Selama bersekolah, Janatin merupakan anak yang tidak terlalu menonjol dalam bidang akademik, namun sangat menonjol ketika mengikuti pelajaran yang membutuhkan ketangkasan fisik. Selepas sekolah, ia tidak lupa menghabisakan waktu untuk bermain dengan teman-temannya, salah satu kegemarannya adalah bermain sepak bola dan bulutangkis. Ia juga tidak lupa membantu pekerjaan ayahnya, seperti mencarikan rumput untuk makanan ternak, dan sesekali membantu di sawah.

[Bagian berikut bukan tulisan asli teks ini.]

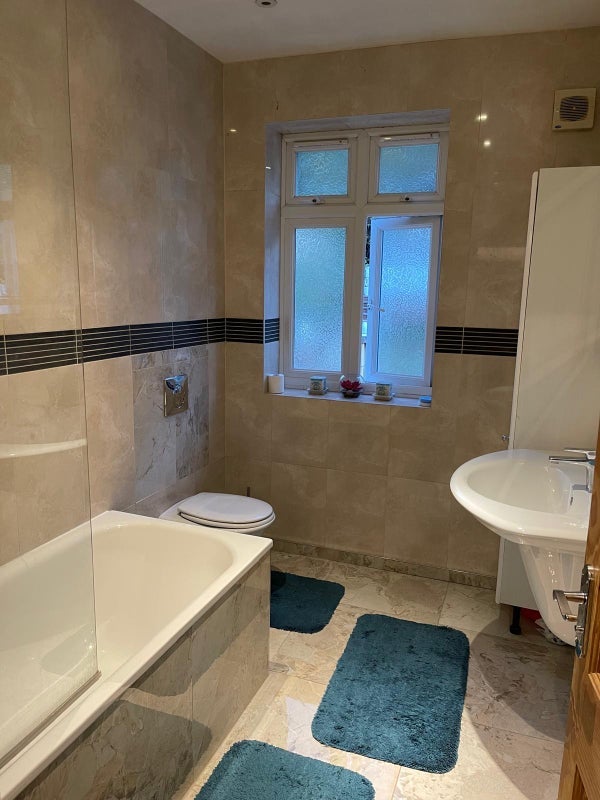 Room Valleyfield Road in Greater London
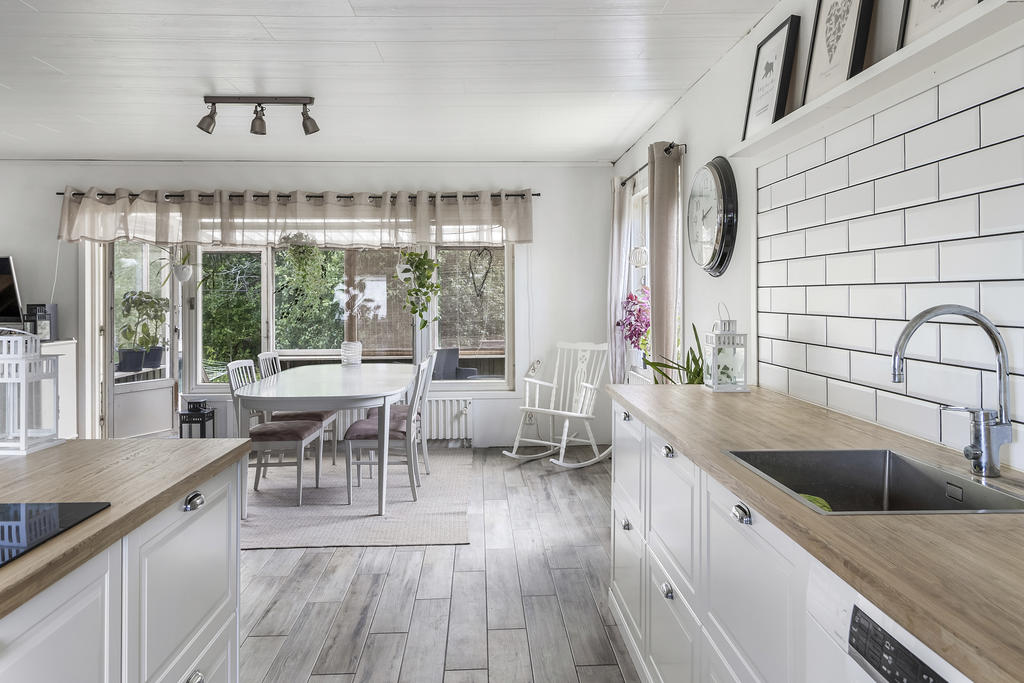 Kök med plats för många runt bordet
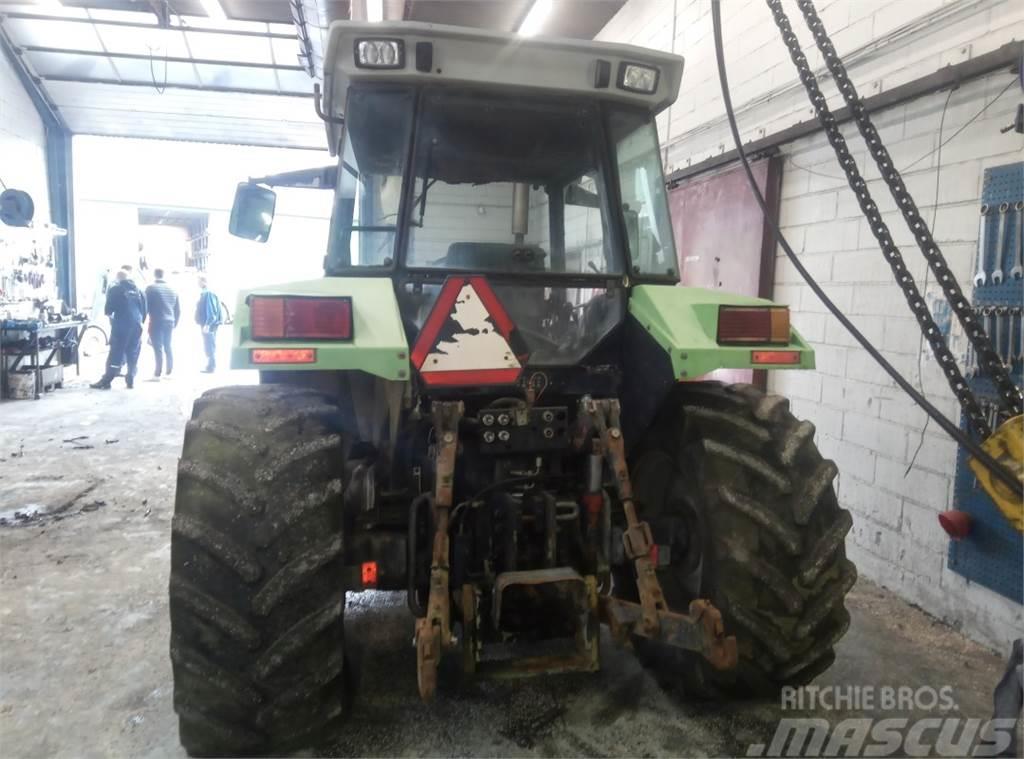 Deutz-Fahr Agrostar 6.11 Traktory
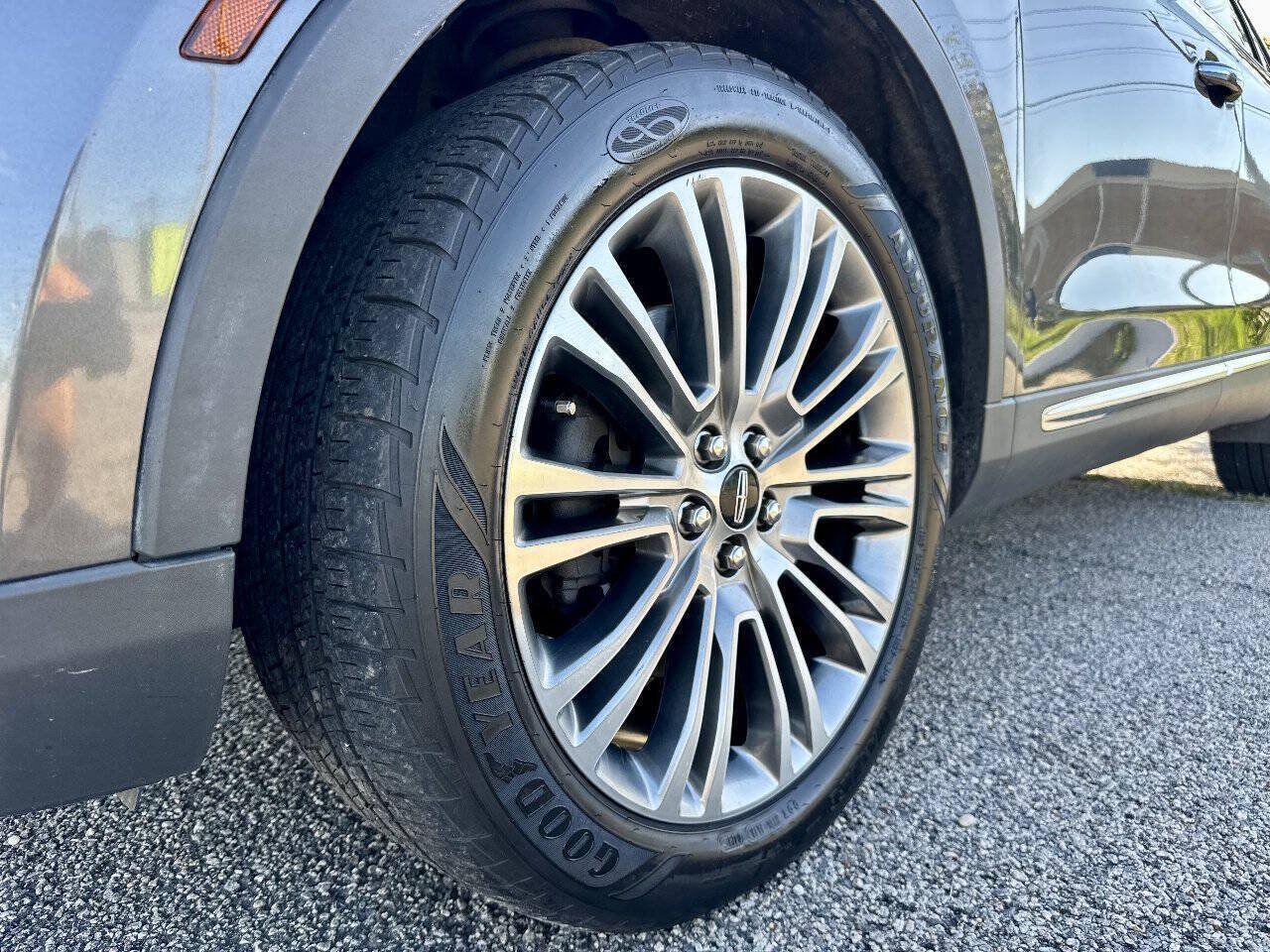 Used 2017 Lincoln MKX Reserve FWD image 19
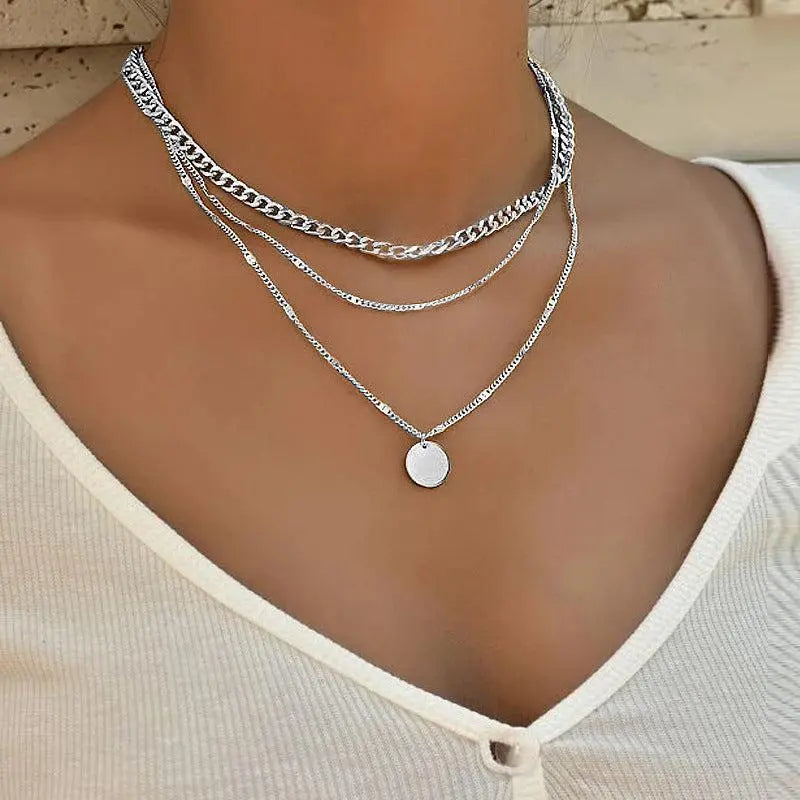 Selene Gold Chain Necklace 3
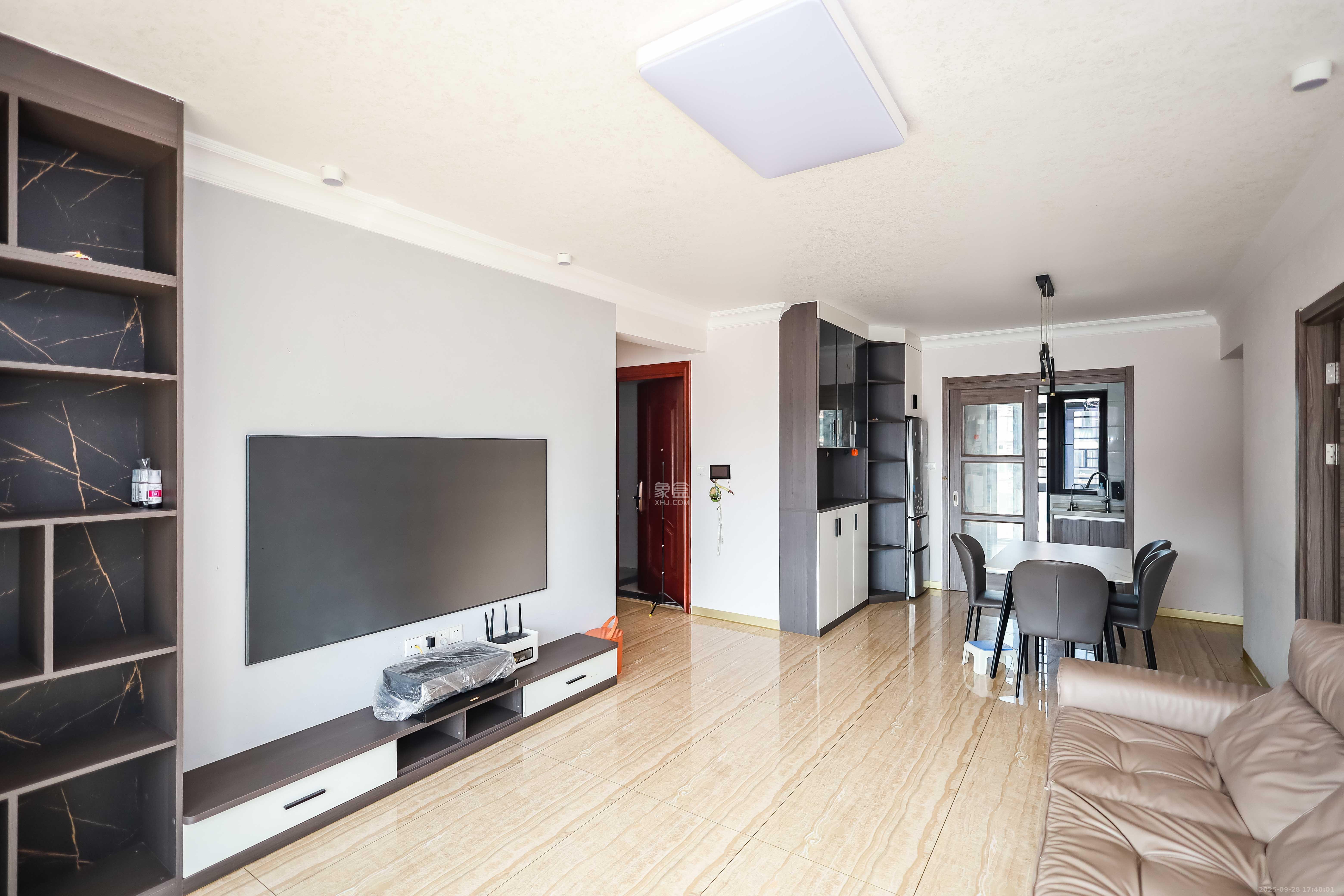 碧桂园荟隽棠  3室2厅2卫    98.0万客厅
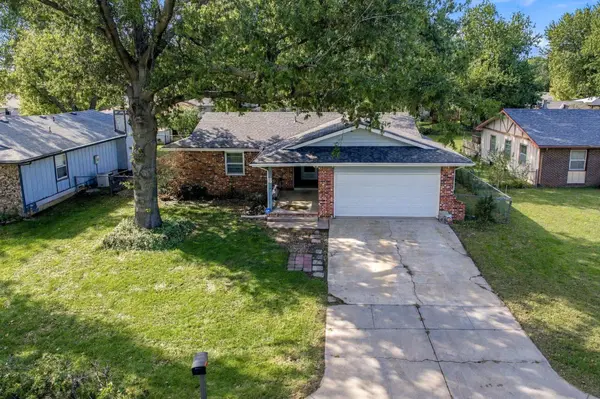 8 N Breeze Ct, Valley Center, KS 67147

Semasa Janatin menjalani tahap akhir pendidikan di SMP Budi Mulya, ia mendengar tentang memanasnya hubungan Republik Indonesia dengan Kerajaan Belanda mengenai masa depan Irian Barat. Puncaknya pada tanggal 19 Desember 1961 Presiden RI Soekarno mengumandangkan Tri Komando Rakyat (Trikora) di alun-alun kota Yogyakarta, sebagai bentuk konfrontasi total dengan Belanda guna memperjuangkan kembalinya Irian Barat. Sejalan dengan kampanye pembebasan Irian Barat tersebut, dilakuan mobilisasi besar-besaran untuk merekrut anggota milieter dan sukarelawan. Pemuda Janatin terpanggil untuk mendaftarkan dirinya sebagai calon Tamtama KKO-AL.
Meskipun ada sedikit penolakan dari orang tuanya, Janatin yang terpanggil untuk membela harkat dan martabat bangsanya nekat mendaftarkan dirinya ke Sekolah Calon Tamtama KKO-AL (secatmoko) di Malang pada tahun 1962. Dengan tahapan seleksi ia berhasil lulus. Berbagai latihan fisik dan mental dilalui oleh Janatin, hingga dinyatakan lulus pendidikan tanggal 1 Juni 1962, Janatin mendapatkan pangkat Prajurit III KKO. Niat Janatin untuk mengusir Belanda dari Irian Barat urung terlaksana, karena tercapai kesepakatan damai antara Indonesia dengan Belanda pasca persetujuan New York tanggal 15 Agustus 1962. Persetujuan New York mengakhir perseteruan Indonesia-Belanda dan Irian Barat dinyatakan kembali ke Pangkuan NKRI melalui perantara Perserikatan Bangsa-Bangsa (PBB). Tugas pertama Janatin yaitu mengikuti Operasi Sadar di Irian Barat untuk memastikan penyerahan kekuasaan berjalan lancer.
Meskipun tugas di Irian Barat telah dilaksanakan Janatin dengan baik, namun tugas negara yang lain telah menanti Janatin dan prajurit-prajurit KKO-AL lainnya, yaitu Operasi Dwikora. Komando Dwikora dikumandangkan oleh Presiden Soekarno sebagai bentuk konfrontasi terhadap pembentukan Federasi Malaysia yang disebutnya bagian dari proyek neokolonialisme Inggris. Pada tanggal 31 Agustus 1957 Inggris memberikan kemerdekaan kepada Persekutuan Tanah Melayu (Malaya), sementara Singapura, Sabah, dan Serawak tetap berstatus koloni Inggris. Di sisi lain, Brunei yang masih tergantung kepada Inggris juga menjadi rencana besar membentuk Federasi Malaysia.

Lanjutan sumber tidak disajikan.